§ **Assignment**
Take the line with "Decorative Vintage Brass" as the first and the last line of the data as the end. Write out both and every line between exactly, except pictures.

*** Opening Source material ***

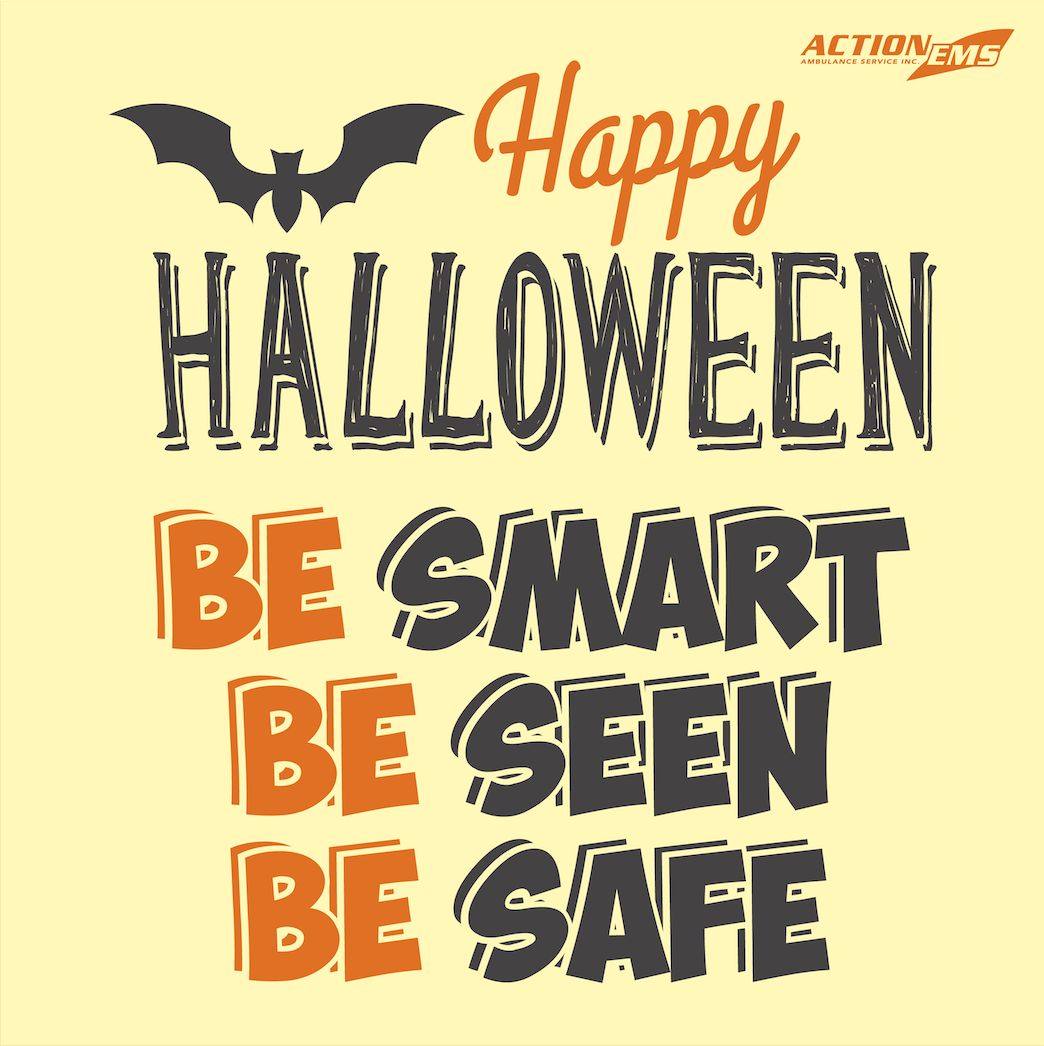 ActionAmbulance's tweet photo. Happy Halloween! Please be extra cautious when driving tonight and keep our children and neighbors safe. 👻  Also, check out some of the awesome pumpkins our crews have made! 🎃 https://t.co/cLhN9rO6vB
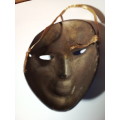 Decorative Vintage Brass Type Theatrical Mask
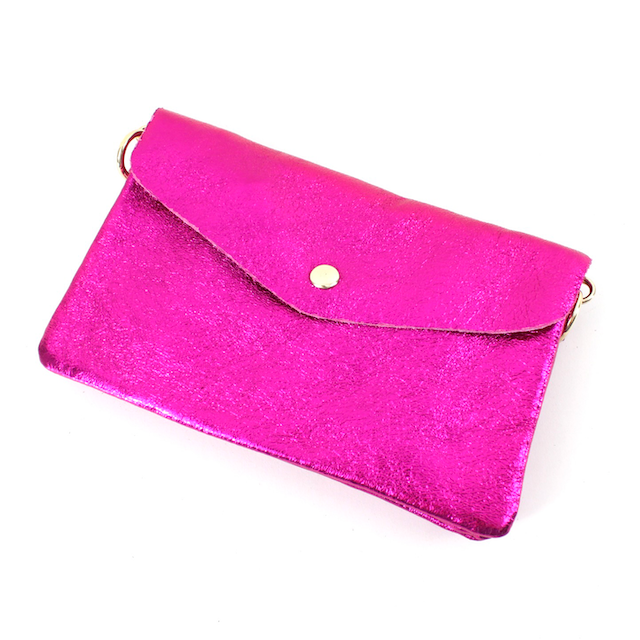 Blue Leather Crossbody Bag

*** Closing Source material ***

§ **Result for this exercise**
 Decorative Vintage Brass Type Theatrical Mask
 Blue Leather Crossbody Bag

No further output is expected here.